▽

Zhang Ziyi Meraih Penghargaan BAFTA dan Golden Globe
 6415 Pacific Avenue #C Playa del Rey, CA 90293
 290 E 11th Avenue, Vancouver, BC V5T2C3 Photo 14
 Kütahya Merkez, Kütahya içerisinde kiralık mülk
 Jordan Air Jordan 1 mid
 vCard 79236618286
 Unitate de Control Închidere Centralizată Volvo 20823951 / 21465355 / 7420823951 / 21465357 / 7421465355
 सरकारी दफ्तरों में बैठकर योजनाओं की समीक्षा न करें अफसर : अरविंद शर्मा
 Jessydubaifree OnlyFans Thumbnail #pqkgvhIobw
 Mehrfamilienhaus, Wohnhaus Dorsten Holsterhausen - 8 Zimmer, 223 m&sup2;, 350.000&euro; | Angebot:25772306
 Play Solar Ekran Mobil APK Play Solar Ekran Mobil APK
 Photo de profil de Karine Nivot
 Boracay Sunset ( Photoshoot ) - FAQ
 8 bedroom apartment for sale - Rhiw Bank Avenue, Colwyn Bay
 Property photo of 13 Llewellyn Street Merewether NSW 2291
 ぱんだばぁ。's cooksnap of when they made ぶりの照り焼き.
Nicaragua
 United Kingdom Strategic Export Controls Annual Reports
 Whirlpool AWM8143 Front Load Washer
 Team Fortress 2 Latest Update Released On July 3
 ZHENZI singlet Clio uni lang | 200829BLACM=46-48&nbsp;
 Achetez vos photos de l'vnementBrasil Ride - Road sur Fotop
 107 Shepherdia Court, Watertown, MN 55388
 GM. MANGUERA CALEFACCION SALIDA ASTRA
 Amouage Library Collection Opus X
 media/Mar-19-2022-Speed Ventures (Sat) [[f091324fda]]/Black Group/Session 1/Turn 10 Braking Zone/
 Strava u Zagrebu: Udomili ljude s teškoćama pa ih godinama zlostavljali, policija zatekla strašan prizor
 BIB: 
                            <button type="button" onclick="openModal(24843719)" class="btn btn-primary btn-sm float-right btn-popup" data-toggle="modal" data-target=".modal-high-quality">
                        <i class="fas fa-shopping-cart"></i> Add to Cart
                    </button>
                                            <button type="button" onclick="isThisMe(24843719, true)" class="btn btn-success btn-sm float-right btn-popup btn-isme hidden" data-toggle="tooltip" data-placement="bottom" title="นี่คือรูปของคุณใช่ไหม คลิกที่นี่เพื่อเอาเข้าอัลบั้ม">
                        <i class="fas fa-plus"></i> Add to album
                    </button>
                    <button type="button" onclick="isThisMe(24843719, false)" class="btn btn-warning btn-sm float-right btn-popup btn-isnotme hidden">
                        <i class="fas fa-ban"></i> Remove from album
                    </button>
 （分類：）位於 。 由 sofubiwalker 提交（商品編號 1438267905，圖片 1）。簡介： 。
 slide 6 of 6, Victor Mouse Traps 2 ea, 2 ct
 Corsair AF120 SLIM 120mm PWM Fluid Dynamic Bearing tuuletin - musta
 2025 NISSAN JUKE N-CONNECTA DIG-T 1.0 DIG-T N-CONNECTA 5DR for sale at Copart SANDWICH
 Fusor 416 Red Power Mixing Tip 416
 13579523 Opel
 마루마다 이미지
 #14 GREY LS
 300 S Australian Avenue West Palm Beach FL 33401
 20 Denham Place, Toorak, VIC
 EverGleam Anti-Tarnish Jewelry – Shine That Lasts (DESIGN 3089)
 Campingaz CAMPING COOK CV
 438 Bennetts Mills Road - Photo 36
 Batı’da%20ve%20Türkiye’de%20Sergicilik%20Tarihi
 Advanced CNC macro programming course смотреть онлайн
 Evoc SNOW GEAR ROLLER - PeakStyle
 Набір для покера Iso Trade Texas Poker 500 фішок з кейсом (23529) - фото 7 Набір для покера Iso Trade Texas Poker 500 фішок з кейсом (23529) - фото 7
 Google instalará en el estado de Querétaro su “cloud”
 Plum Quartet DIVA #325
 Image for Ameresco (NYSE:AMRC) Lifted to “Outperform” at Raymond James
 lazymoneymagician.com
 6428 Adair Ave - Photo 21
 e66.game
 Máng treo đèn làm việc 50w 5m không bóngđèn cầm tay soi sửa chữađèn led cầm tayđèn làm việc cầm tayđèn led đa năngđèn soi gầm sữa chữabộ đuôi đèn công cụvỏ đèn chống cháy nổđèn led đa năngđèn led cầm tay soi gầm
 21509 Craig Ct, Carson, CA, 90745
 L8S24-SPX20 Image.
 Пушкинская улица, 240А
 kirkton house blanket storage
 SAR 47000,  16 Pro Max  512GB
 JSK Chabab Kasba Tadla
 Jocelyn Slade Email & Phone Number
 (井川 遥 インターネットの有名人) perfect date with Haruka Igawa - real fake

△

● WORK ORDER: Show every line from the entries that includes the word "album".

● EXERCISE ANSWER:
                        <i class="fas fa-plus"></i> Add to album
                        <i class="fas fa-ban"></i> Remove from album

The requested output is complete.